Segment Open

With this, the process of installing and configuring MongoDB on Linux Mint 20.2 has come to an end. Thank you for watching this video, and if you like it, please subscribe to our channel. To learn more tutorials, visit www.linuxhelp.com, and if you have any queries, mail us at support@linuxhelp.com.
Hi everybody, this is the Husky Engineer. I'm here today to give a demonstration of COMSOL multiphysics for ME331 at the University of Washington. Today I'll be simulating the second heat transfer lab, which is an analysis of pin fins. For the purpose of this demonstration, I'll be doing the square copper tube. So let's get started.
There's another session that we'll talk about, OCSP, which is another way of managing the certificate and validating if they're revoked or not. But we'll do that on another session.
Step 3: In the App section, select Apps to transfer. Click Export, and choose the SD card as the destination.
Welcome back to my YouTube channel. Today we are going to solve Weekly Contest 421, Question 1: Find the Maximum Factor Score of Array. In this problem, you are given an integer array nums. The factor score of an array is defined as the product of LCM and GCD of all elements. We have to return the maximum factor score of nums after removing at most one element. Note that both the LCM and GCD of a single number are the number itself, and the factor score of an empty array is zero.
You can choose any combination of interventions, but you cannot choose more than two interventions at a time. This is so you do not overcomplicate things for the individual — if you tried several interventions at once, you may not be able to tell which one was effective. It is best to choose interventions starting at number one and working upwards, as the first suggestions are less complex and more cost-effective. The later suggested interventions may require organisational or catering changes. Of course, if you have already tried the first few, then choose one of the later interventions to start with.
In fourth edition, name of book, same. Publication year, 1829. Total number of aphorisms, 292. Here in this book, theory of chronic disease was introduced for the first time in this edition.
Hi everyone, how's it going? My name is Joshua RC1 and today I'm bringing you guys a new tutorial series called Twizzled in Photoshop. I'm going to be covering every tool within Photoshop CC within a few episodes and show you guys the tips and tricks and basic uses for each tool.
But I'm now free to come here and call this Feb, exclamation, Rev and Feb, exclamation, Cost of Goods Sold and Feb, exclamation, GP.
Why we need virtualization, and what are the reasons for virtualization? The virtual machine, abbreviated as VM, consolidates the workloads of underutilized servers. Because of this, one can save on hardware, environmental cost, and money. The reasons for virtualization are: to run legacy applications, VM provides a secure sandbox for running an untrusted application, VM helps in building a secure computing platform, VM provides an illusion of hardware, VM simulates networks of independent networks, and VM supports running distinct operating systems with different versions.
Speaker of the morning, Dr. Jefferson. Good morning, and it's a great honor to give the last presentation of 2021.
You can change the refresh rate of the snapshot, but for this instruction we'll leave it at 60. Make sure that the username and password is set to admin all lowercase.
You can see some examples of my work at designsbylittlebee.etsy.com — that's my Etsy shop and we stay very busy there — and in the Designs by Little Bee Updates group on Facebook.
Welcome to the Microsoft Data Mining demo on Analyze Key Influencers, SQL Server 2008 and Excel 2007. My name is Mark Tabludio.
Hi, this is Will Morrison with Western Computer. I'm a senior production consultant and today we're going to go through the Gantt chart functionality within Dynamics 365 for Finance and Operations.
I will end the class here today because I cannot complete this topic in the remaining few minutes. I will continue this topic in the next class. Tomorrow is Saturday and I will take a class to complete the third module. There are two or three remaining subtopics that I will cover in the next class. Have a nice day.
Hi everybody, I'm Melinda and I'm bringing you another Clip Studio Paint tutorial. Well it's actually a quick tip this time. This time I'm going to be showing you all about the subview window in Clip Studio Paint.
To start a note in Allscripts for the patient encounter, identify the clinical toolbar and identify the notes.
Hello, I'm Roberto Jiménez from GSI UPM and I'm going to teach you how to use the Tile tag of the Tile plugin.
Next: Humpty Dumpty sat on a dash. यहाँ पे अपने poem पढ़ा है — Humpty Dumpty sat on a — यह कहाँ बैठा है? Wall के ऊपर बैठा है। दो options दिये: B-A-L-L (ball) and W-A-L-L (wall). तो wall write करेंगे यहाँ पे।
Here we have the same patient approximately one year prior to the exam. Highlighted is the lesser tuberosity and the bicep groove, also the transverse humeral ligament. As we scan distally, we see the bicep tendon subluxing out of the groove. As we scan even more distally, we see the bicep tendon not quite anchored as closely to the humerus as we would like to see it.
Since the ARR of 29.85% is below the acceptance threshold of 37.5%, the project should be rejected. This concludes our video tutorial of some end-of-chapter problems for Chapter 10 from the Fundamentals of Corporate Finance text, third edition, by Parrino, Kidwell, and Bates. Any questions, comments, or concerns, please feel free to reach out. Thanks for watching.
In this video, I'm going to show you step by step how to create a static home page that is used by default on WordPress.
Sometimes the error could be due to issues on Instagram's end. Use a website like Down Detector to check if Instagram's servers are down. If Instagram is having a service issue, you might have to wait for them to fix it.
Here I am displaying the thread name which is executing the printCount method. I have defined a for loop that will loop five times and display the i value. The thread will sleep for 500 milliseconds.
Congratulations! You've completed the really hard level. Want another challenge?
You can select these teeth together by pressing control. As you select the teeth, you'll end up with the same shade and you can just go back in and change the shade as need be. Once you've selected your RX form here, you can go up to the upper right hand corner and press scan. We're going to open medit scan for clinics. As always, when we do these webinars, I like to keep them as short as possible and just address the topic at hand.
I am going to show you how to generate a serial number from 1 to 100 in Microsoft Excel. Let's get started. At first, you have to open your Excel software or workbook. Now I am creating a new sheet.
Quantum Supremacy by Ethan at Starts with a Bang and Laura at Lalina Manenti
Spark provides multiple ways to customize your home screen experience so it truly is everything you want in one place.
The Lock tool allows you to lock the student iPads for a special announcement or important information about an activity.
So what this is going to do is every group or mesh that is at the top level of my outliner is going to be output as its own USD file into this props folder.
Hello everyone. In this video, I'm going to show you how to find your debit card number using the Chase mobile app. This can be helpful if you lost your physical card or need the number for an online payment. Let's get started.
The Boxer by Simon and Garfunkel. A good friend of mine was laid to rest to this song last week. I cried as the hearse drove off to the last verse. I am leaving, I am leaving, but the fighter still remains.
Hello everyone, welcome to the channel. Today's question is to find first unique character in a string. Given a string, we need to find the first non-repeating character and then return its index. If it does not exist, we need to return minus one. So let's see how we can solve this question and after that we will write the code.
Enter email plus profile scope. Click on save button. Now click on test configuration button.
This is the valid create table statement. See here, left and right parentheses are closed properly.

Segment Closed

In the entries above, find the line holding "Speaker of the" and the line holding "Hello, I'm Roberto", then retype exactly those two lines and every line between them, and nothing else.

Speaker of the morning, Dr. Jefferson. Good morning, and it's a great honor to give the last presentation of 2021.
You can change the refresh rate of the snapshot, but for this instruction we'll leave it at 60. Make sure that the username and password is set to admin all lowercase.
You can see some examples of my work at designsbylittlebee.etsy.com — that's my Etsy shop and we stay very busy there — and in the Designs by Little Bee Updates group on Facebook.
Welcome to the Microsoft Data Mining demo on Analyze Key Influencers, SQL Server 2008 and Excel 2007. My name is Mark Tabludio.
Hi, this is Will Morrison with Western Computer. I'm a senior production consultant and today we're going to go through the Gantt chart functionality within Dynamics 365 for Finance and Operations.
I will end the class here today because I cannot complete this topic in the remaining few minutes. I will continue this topic in the next class. Tomorrow is Saturday and I will take a class to complete the third module. There are two or three remaining subtopics that I will cover in the next class. Have a nice day.
Hi everybody, I'm Melinda and I'm bringing you another Clip Studio Paint tutorial. Well it's actually a quick tip this time. This time I'm going to be showing you all about the subview window in Clip Studio Paint.
To start a note in Allscripts for the patient encounter, identify the clinical toolbar and identify the notes.
Hello, I'm Roberto Jiménez from GSI UPM and I'm going to teach you how to use the Tile tag of the Tile plugin.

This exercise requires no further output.